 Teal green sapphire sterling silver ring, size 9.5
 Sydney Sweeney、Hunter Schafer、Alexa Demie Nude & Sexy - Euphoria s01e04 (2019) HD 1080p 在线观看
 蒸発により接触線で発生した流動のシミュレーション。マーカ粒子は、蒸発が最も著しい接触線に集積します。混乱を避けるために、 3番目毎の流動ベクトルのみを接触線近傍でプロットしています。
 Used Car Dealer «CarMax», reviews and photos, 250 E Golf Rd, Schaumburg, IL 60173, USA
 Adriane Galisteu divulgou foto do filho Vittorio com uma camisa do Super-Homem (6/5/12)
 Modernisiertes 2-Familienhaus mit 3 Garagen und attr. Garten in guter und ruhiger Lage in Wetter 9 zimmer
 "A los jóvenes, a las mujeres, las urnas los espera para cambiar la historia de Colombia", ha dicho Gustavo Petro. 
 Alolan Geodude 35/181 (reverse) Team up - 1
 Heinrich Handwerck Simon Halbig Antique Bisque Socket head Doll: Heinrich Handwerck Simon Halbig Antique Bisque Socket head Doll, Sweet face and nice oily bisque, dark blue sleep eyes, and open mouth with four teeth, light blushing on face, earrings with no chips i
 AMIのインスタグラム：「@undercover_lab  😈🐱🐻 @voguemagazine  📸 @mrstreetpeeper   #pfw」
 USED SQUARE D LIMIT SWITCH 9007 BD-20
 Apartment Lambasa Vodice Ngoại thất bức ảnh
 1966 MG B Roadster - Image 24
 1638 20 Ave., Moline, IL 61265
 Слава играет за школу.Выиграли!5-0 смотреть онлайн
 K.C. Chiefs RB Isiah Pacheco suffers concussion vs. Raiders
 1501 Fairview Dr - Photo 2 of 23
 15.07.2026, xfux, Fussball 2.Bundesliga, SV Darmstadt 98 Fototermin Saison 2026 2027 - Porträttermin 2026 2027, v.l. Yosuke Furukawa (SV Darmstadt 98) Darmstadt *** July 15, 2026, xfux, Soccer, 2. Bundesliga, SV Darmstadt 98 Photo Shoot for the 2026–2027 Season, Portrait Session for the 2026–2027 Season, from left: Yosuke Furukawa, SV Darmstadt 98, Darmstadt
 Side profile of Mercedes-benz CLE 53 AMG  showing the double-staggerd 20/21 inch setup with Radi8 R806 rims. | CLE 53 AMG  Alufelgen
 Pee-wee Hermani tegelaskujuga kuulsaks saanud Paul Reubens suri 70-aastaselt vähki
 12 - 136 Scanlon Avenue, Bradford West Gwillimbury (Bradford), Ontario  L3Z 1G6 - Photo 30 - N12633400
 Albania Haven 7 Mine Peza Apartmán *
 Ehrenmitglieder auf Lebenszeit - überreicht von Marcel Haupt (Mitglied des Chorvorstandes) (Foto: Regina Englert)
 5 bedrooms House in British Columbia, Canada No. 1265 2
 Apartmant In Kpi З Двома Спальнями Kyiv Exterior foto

● ● ● ● ● ● ●

▶ [Task]:
Copy each line of the preceding data that contains the string "with".

▶ [Exercise result]:
 Heinrich Handwerck Simon Halbig Antique Bisque Socket head Doll: Heinrich Handwerck Simon Halbig Antique Bisque Socket head Doll, Sweet face and nice oily bisque, dark blue sleep eyes, and open mouth with four teeth, light blushing on face, earrings with no chips i
 Side profile of Mercedes-benz CLE 53 AMG  showing the double-staggerd 20/21 inch setup with Radi8 R806 rims. | CLE 53 AMG  Alufelgen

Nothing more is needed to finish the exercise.